**MATERIAL PROVIDED:**
[Start of section]

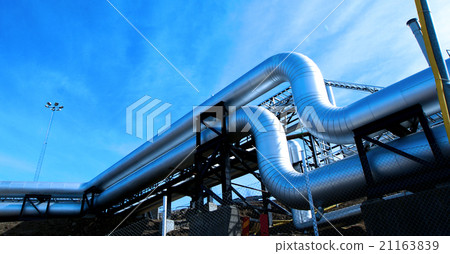 Steel pipelines and valves against blue sky Steel pipelines and valves against blue sky 21163839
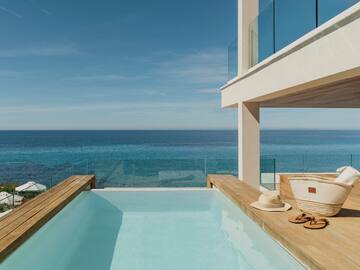 Luxury infinity pool with blue ocean view from modern villa.
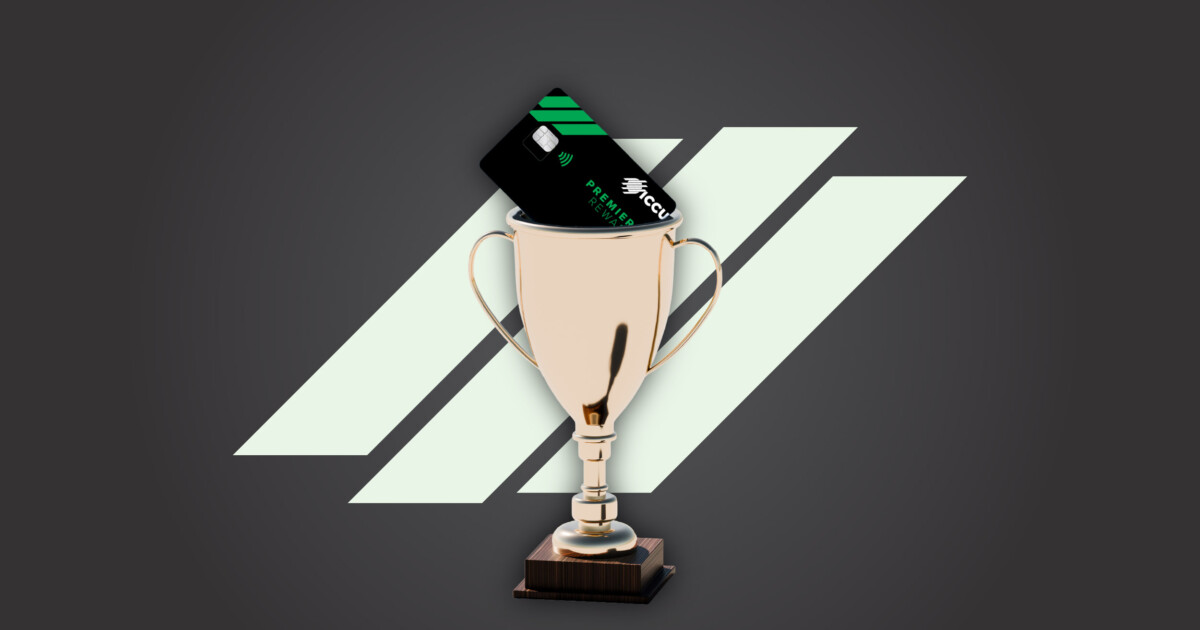 An ICCU Premier Rewards credit card inside a trophy, which symbolizes its rewards.
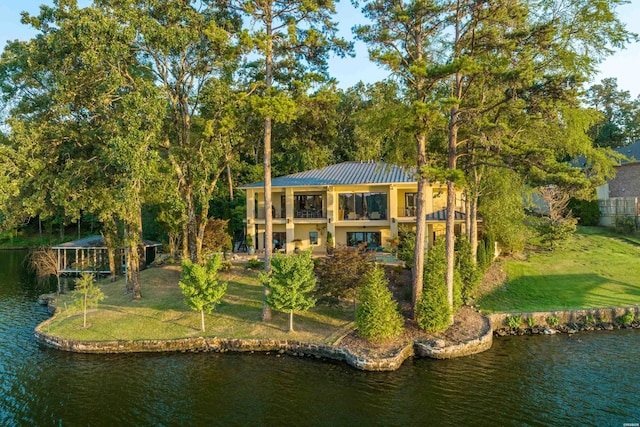 rear view of house featuring a water view, a yard, and stucco siding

[End of section]

**EXERCISE DESCRIPTION:**
Leaving out the pictures, transcribe the material above exactly.

**YOUR RESPONSE:**
 Steel pipelines and valves against blue sky Steel pipelines and valves against blue sky 21163839
 Luxury infinity pool with blue ocean view from modern villa.
 An ICCU Premier Rewards credit card inside a trophy, which symbolizes its rewards.
 rear view of house featuring a water view, a yard, and stucco siding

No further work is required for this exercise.